● WORK ORDER
Skip the images and return the records below exactly.

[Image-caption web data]
* * *
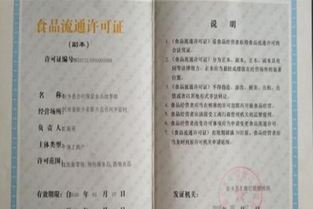 郑州管城区国内出版物经营许可证如何办理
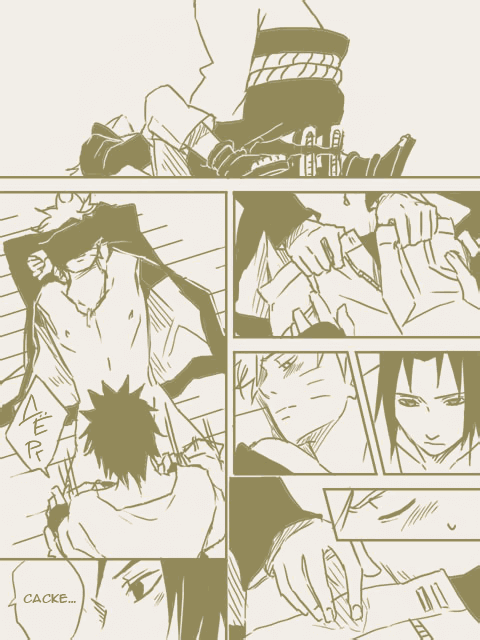 Манга Вслепую - Глава 1 Страница 16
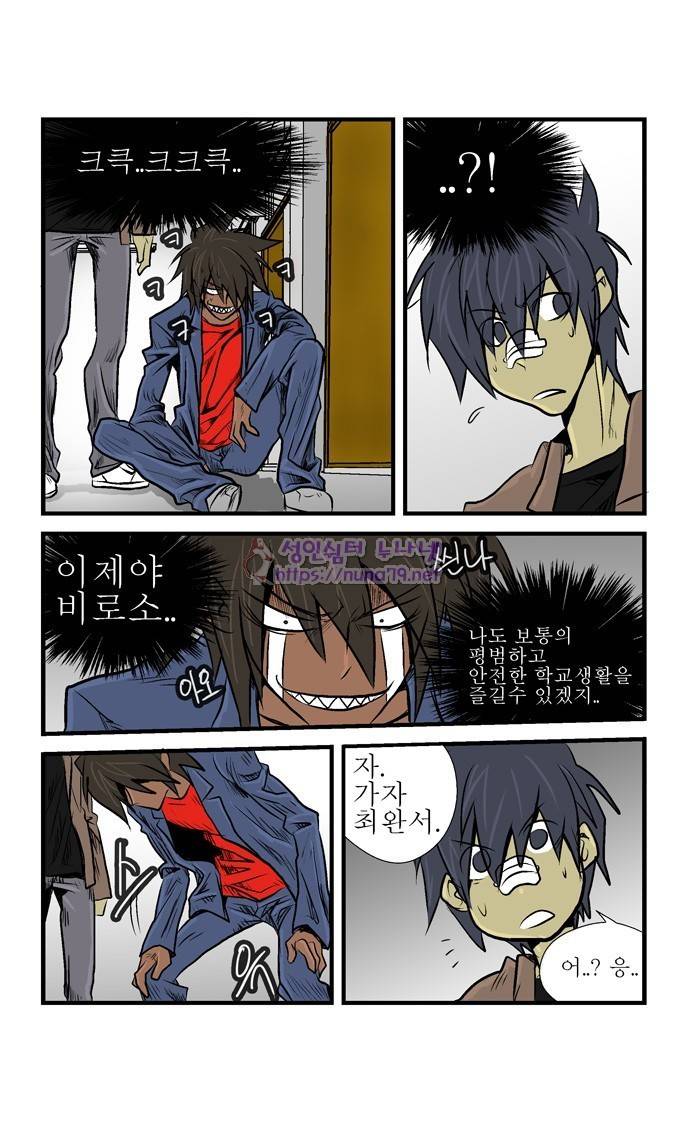 폭풍의 전학생 8화 14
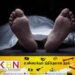 பெண்ணொருவரின் கழுத்தில் இருந்த தங்க நகையை திருடிச்சென்ற நபர் உயிரிழப்பு!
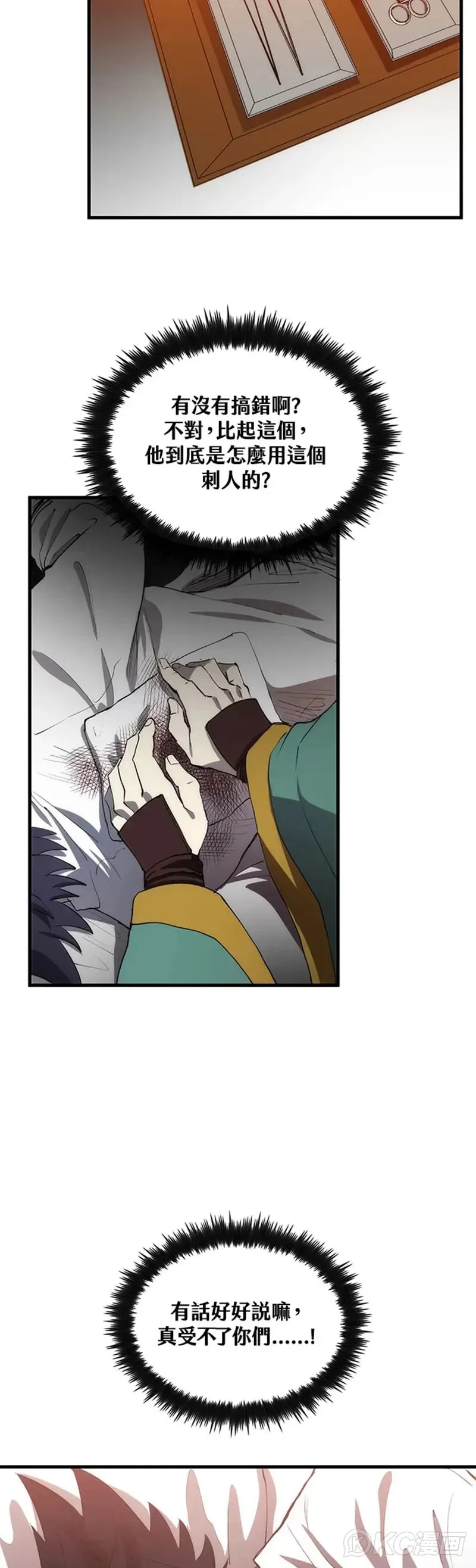 第53话2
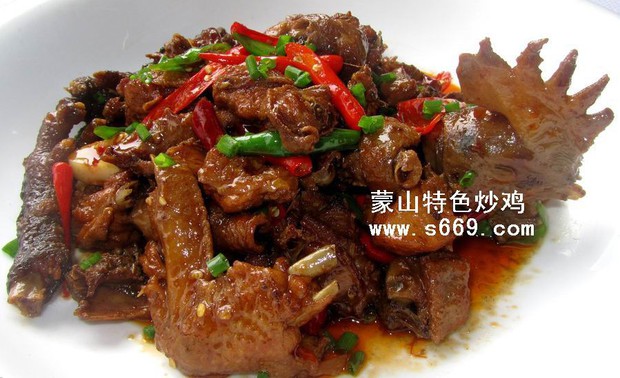 蒙阴炒鸡的做法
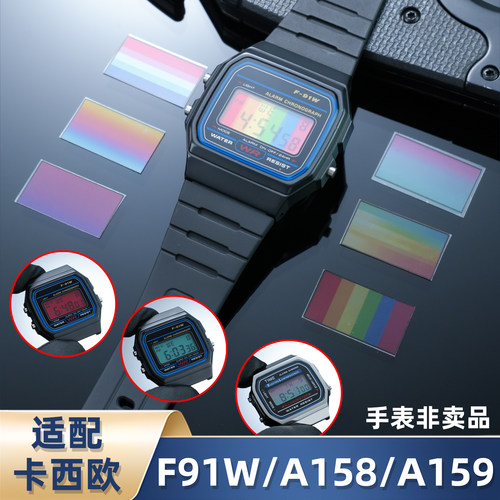 卡西欧F91W等屏幕彩虹改色膜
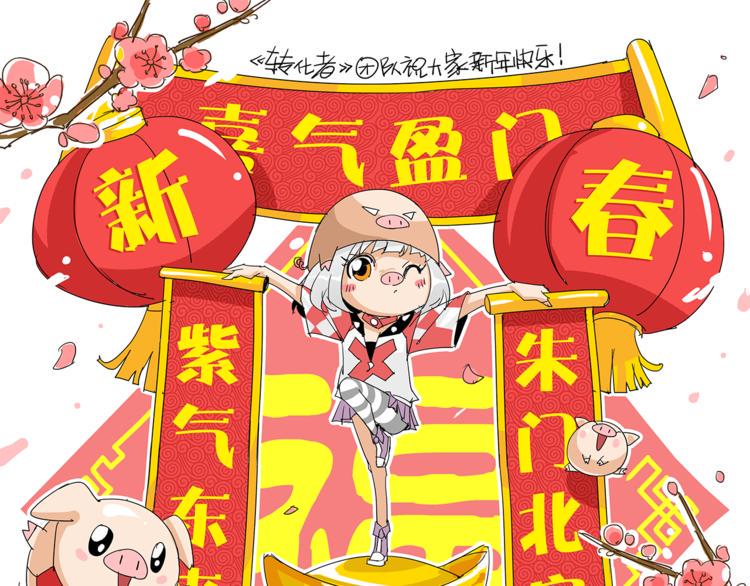 转化糖是什么漫画,第9话 暗流涌动1图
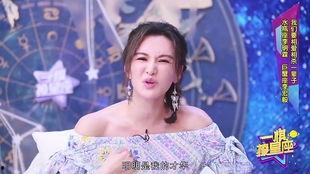 娱乐圈吃瓜李宏毅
* * *
● REPLY
 郑州管城区国内出版物经营许可证如何办理
 Манга Вслепую - Глава 1 Страница 16
 폭풍의 전학생 8화 14
 பெண்ணொருவரின் கழுத்தில் இருந்த தங்க நகையை திருடிச்சென்ற நபர் உயிரிழப்பு!
 第53话2
 蒙阴炒鸡的做法
 卡西欧F91W等屏幕彩虹改色膜
 转化糖是什么漫画,第9话 暗流涌动1图
 娱乐圈吃瓜李宏毅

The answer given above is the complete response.